IO-bound load metrics
See the
IO-bound load metrics section in
my previous post for the legend for the tables below.
Fast SSD
ips.av ips.99 r/i rkb/i wkb/i Mcpu/i size rss r/s rmb/s wmb/s cpu engine
126727 4671 0 0.23 2.07 175 226 4.9 266 29.6 523.2 22.2 Rocks.def10.kmin.mar
129879 7638 0 0.34 1.98 174 225 12.8 383 43.6 513.3 22.7 Rocks.def10.kmin.apr
128816 7687 0 0.13 1.64 209 101 14.1 147 16.6 421.0 27.0 Rocks.def10.kmin.apr.zstd
61711 3353 0.09 1.48 14.65 562 402 4.0 5698 91.2 904.3 34.7 InnoDB-5.7.17.redo4
63959 3419 0.09 1.43 10.11 535 402 4.0 5732 91.7 646.6 34.2 InnoDB-5.7.17.redo32
45874 1790 0.11 1.71 11.25 585 402 43.2 4915 78.6 516.0 26.8 InnoDB-5.6.35.redo4
59312 2473 0.10 1.56 8.36 593 403 43.2 5776 92.4 495.7 35.2 InnoDB-5.6.35.redo32
156250 4150 0.01 0.82 2.97 340 400 11.2 1854 128.1 464.5 53.1 TokuDB-5.7.17-none
123259 1535 0.01 0.25 1.00 540 143 11.2 854 30.4 123.5 66.6 TokuDB-5.7.17-zlib
Slow SSD
ips.av ips.99 r/i rkb/i wkb/i Mcpu/i size rss r/s rmb/s wmb/s cpu engine
122963 5280 0.01 1.46 1.55 192 232 12.8 1443 179.6 380.0 23.7 Rocks.def10.nokmin.apr
127316 7283 0 0.32 0.91 148 225 12.9 334 40.8 230.1 18.8 Rocks.def10.kmin.apr
125842 7420 0 0.11 0.73 177 101 14.1 112 13.4 182.7 22.3 Rocks.def10.kmin.apr.zstd
82771 1980 0.01 0.66 1.11 259 114 13.7 445 54.5 182.7 21.4 Rocks.def10.nokmin.apr.zstd
34101 1975 0.10 1.60 10.91 402 400 39.7 3412 54.6 372.0 13.7 InnoDB-5.7.17.redo4
49244 1750 0.10 1.56 6.39 454 403 40.0 4803 76.9 314.5 22.4 InnoDB-5.7.17.redo32
17654 605 0.18 2.79 12.22 448 398 43.2 3083 49.3 215.7 7.9 InnoDB-5.6.35.redo4
30734 1276 0.09 1.50 5.01 407 403 43.2 2882 46.1 153.9 12.5 InnoDB-5.6.35.redo32
In-memory throughput over time
Fast SSD
InnoDB variance and throughput are much worse with a 4gb vs 32gb redo log.

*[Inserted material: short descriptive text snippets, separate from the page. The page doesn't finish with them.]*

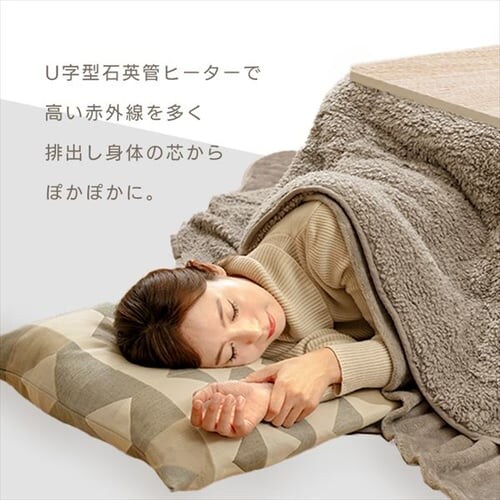 ������ �{�� 105�~75�p �����` �ۋr�f�U�C�� �ؖڒ� �u���E��_7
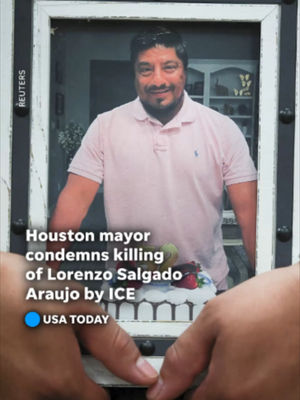 Video post by @usatoday on TikTok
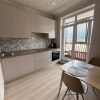 https://cdn-ostrovok-ru-ion.test.edgekey.net/t/100x100/hotel_review/f6/85/f685e894e8cdd5d7d21cb0e56059c5b3a2dbb1f6.JPEG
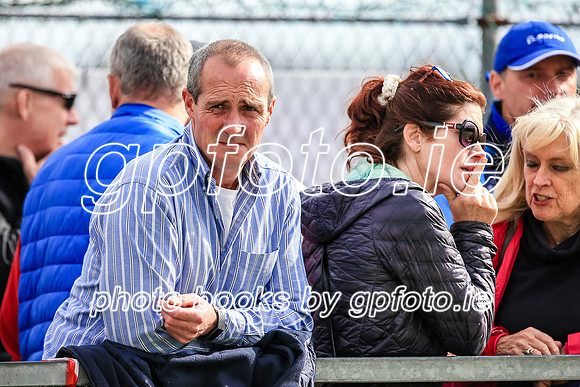 22-09-2019-CGJ25192.JPG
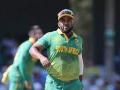 Bavuma, rested for white ball series of India series, Aiden Markram to lead - Hindi News | Bavuma, rested for white ball series of India series, Aiden Markram to lead | Latest cricket News at Lokmattimes.com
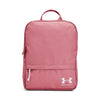 Mochila Loudon pequeña unisex Under Armour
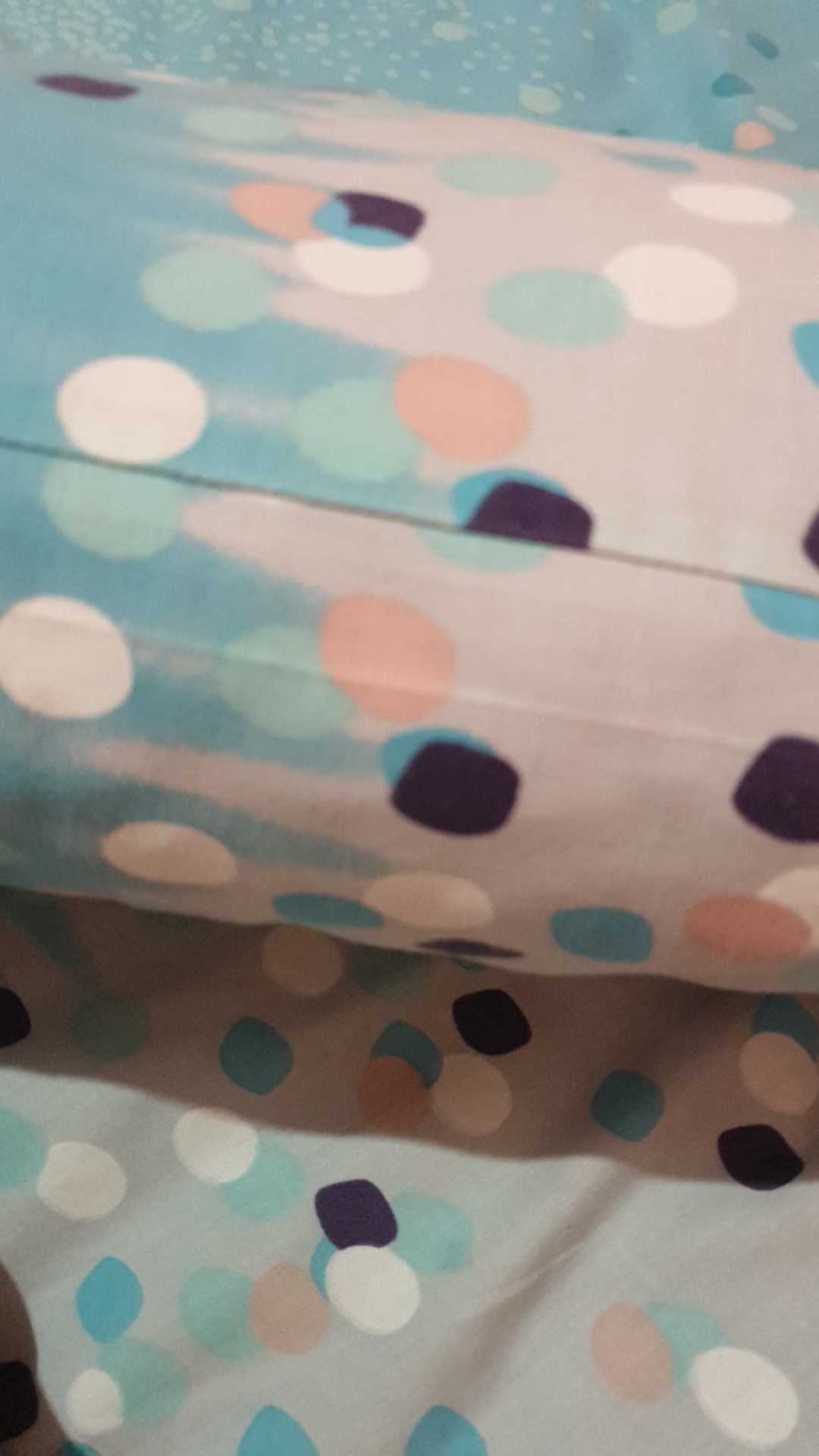 Promo Payung Lipat Musim Hujan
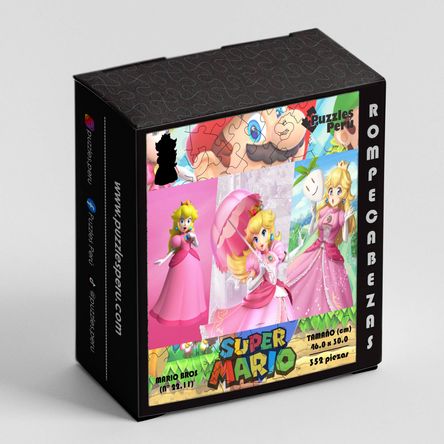 image-5376e654b7ff4f3895e8b6b56dcc20d5 image-5376e654b7ff4f3895e8b6b56dcc20d5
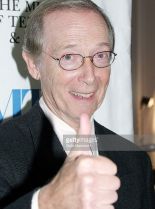 Bernie Kopell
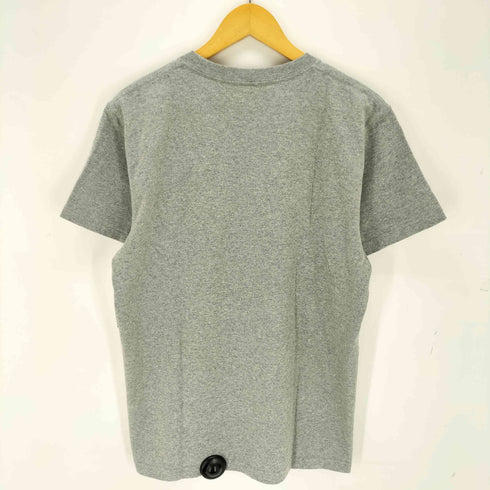 マウンテンリサーチ MOUNTAIN RESEARCH Tribe A Tシャツ メンズ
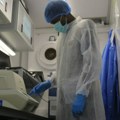 SZO: Rizik od epidemije kuge u Rusiji je nizak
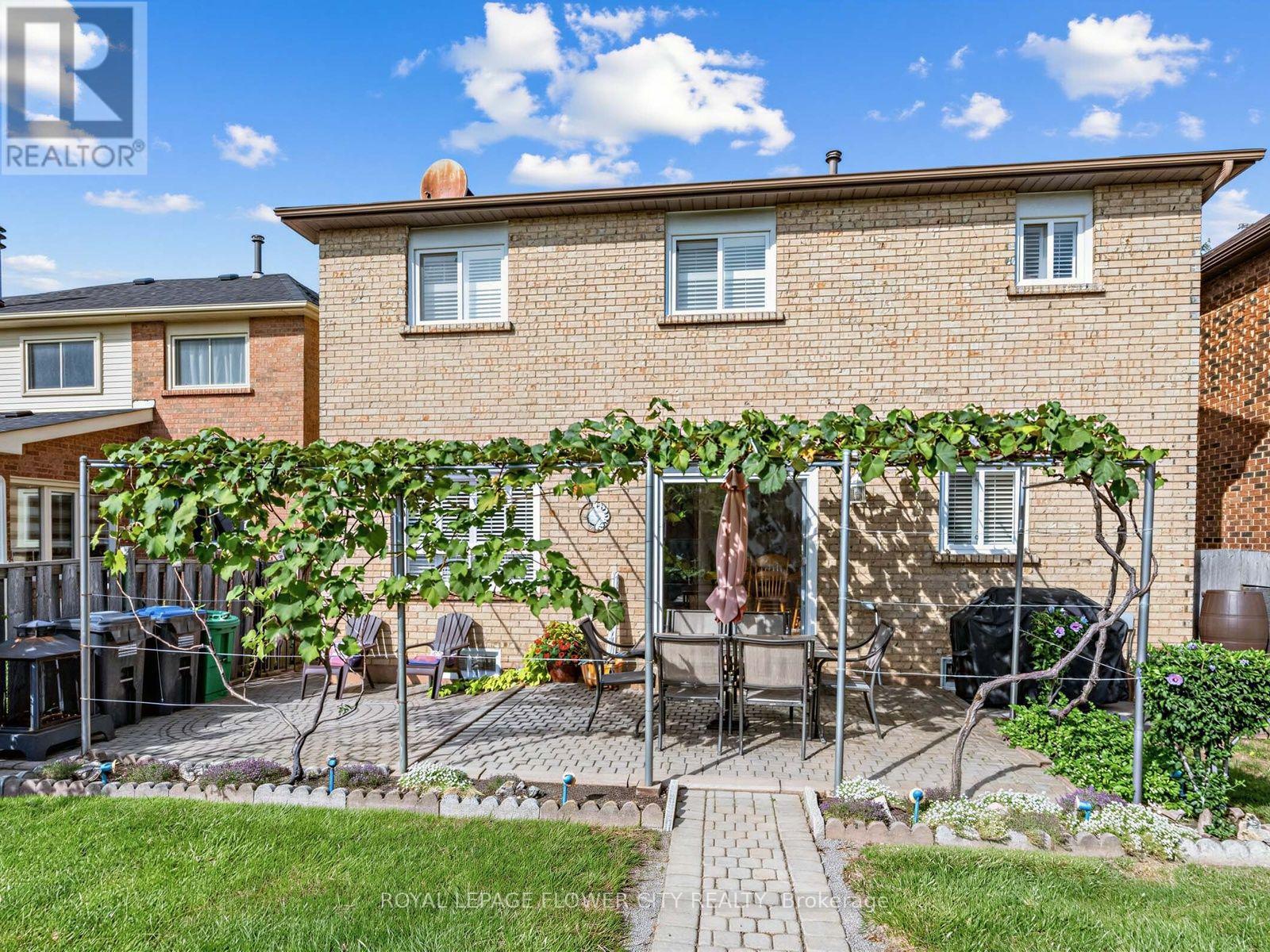 247 VODDEN STREET W - Image 35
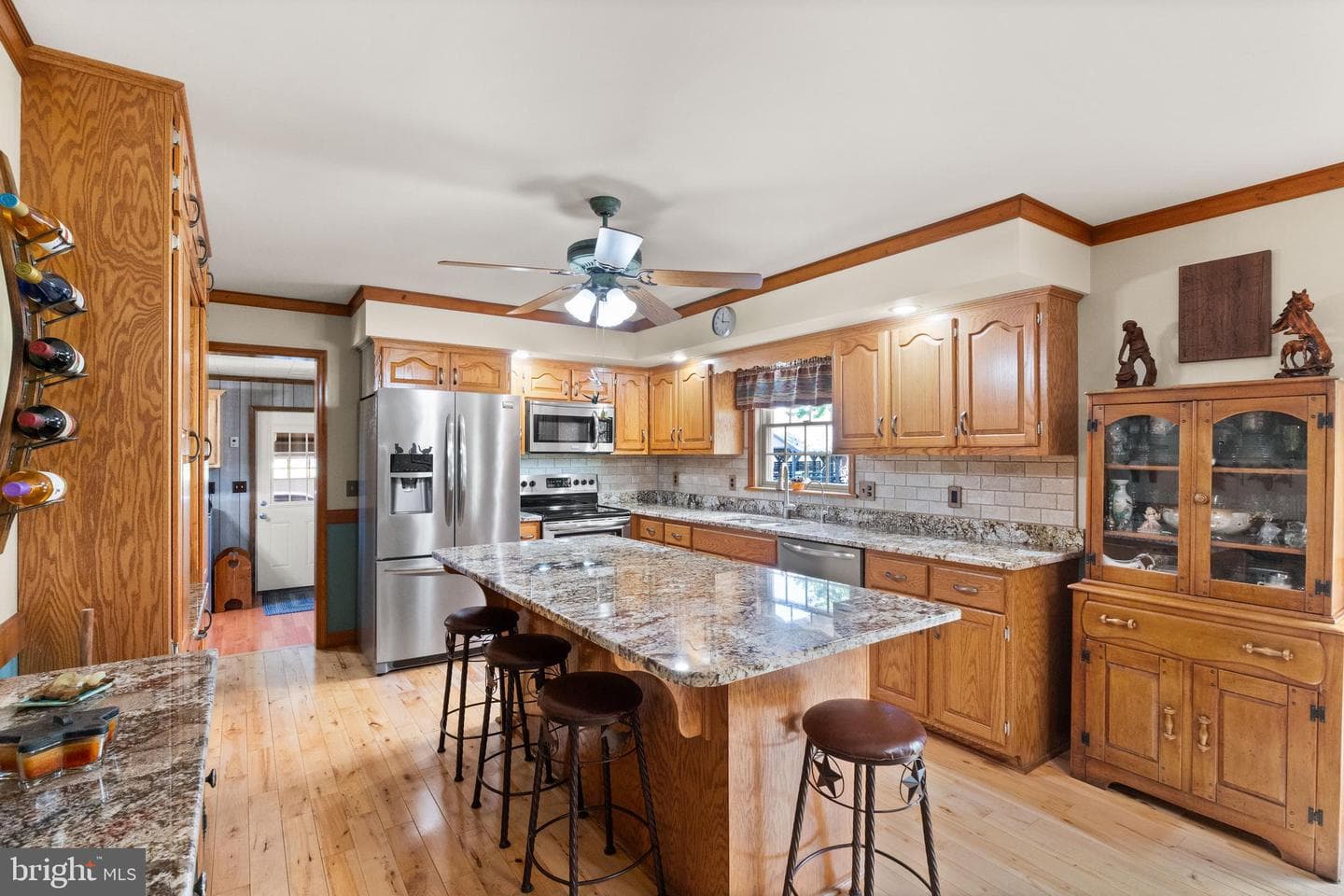 7812 Rowe Run Rd photo 25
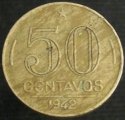 1942_Brazil_50_Centavos.JPG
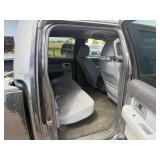 2013 Ford F150 5.0L 4x4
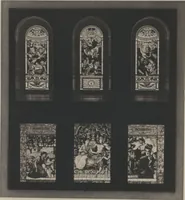 Picture 38 of 63 from Mr. Vanderbilt's house and collection : volume 2 / described by Edward Strahan (1883), leaf 62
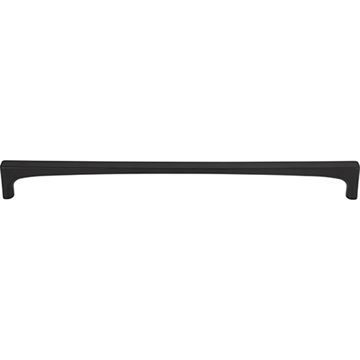 Top Knobs Riverside Cabinet Pullimage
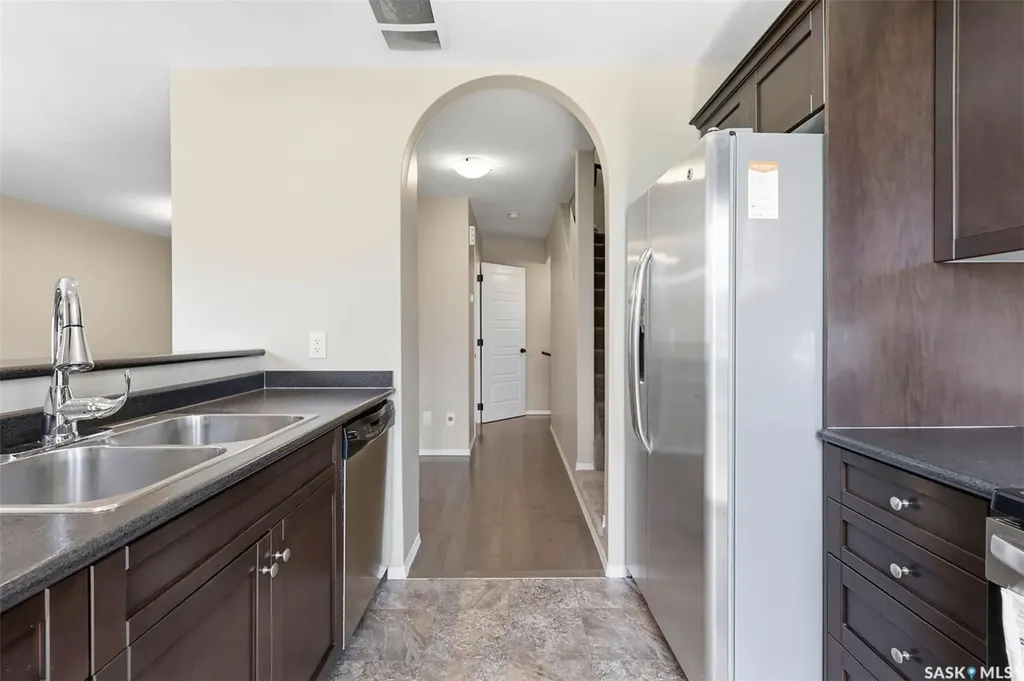 150 Langlois Way Saskatoon SK S7K 0K8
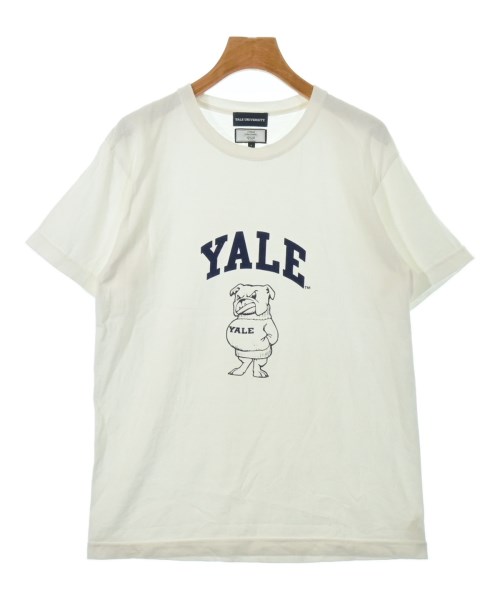 ジェイプレス(J.PRESS)のJ.PRESS Tシャツ・カットソー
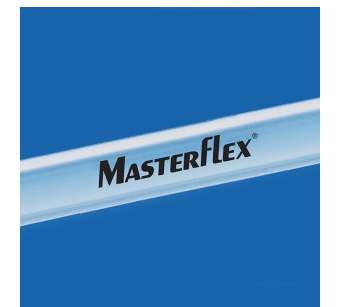 <em>Masterflex</em> L/<em>S</em>精密泵管，96410系列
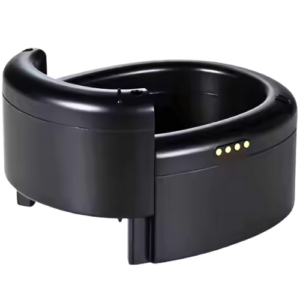 EFOGPS-548-2.png GPS Ankle Monitor with Tamper Proof and Real Time Tracking – Enviro Forest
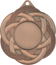 Bronze
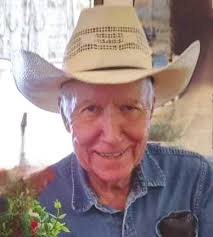 ARIZONA SILVER BELT ARIZONA SILVER BELT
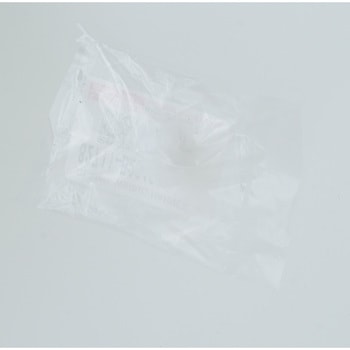 (82711)フューエルリッド ロック コントロールケーブル クランフ ダイハツ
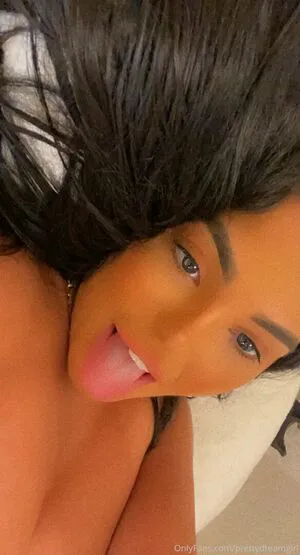 Prettydreamgirl OnlyFans Leaked Free Thumbnail Picture - #S66jqYz1s3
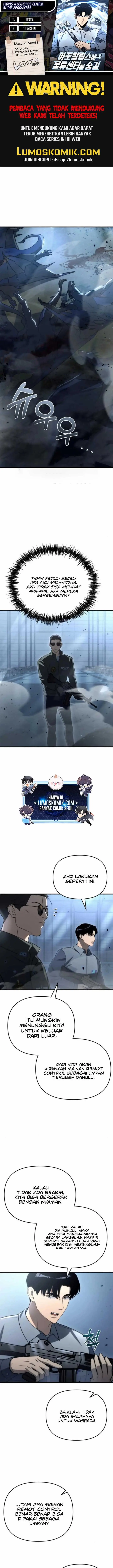 image-komik-hiding-a-logistics-center-in-the-apocalypse-chapter-12-0/20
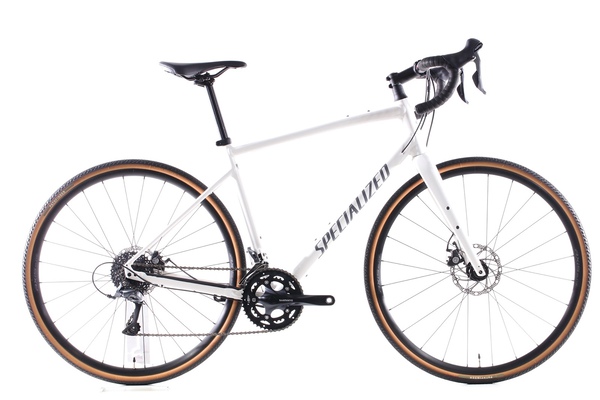 2015 Specialized Div - Bicycle Details - BicycleBlueBook.com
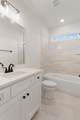 3101 Bluebird Road - Photo 23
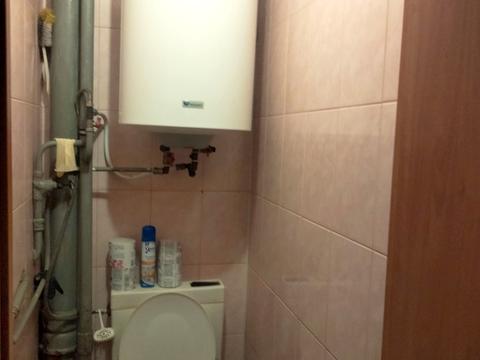 комната по адресу Івана Сльоти ул., 55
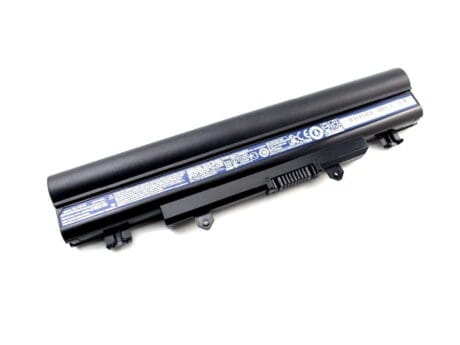 Bestillingsvare, 11.1V 5000mAh kvalitets lithium ion batteri til Bærbar computer
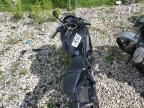 2025 Kawasaki EX650 R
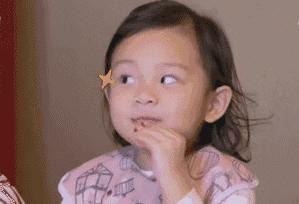 儿童护手霜和后护护手霜,护手霜的好物推荐视频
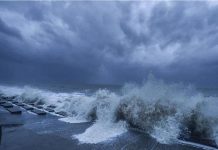 तबाही लाएगा साल का पहला चक्रवात MOCHA ? कहां-कहां खतरा, जानें IMD की चेतावनी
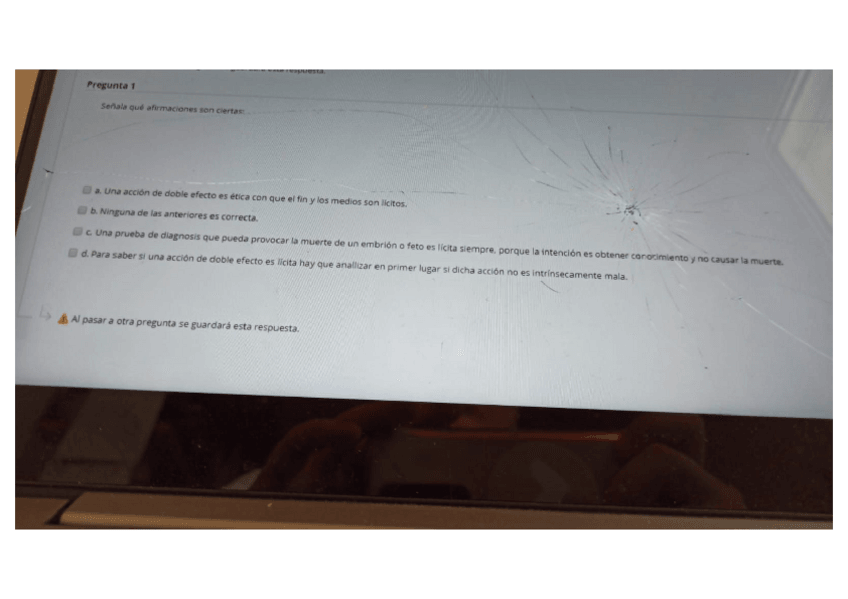 Miniatura del documento ordinaria-2020.pdf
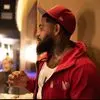 James Fletcher - @james.fletcher455 - TikTok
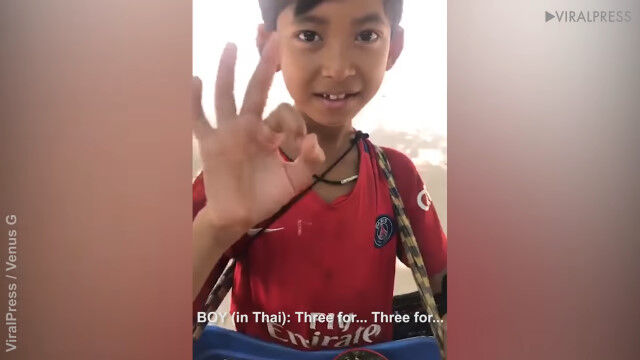 12������Ȥ�ʬ���롢����ܥ������ڻ����ξ�ǯ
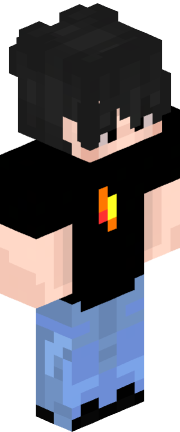 Skin Render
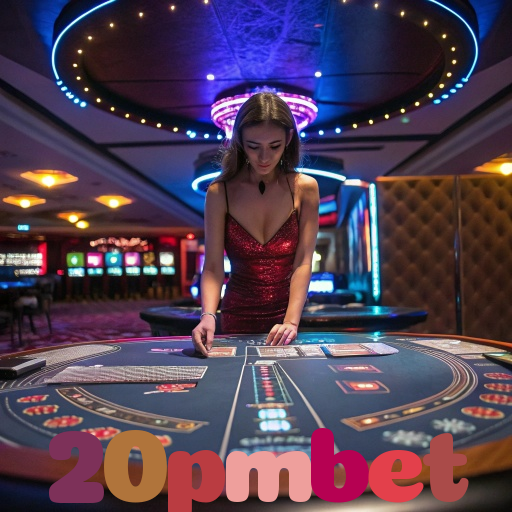 20pmbet:Aposte no futebol, jogue poker e conquiste vitórias épicas!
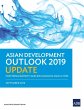 Asian Development Outlook (ADO) 2019... - Bild 1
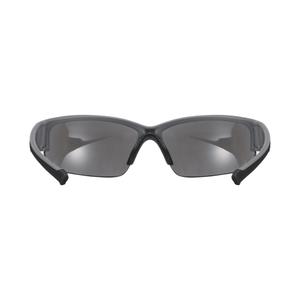product/u/v/uvex_530617-5516_grey-silv_5.jpg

MyRocks variance has improved significantly from the March 17 to the April 14 build thanks to support for L0 to L0 compaction. TokuDB has a few stalls, similar to the March 17 build of MyRocks.
Slow SSD
InnoDB suffers from too much variance regardless of redo log size. It needs random write IOPs and the slow SSD has less of that than the fast SSD. MyRocks with the April 14 build is much better than the March 17 build because of the change to perform L0 to L0 compaction to reduce the chance of stalls.
IO-bound throughput over time
Fast SSD
This is similar to the in-memory results. InnoDB variance and throughput are much worse with a 4gb vs 32gb redo log. MyRocks variance has improved significantly from the March 17 to the April 14 build thanks to support for L0 to L0 compaction. TokuDB has a few stalls.
Slow SSD
InnoDB has too much variance, redo log size isn't significant but 5.7.17 is better than 5.6.35. For MyRocks the April 14 build is better than March 17 and the kMinOverlappingRatio feature helps.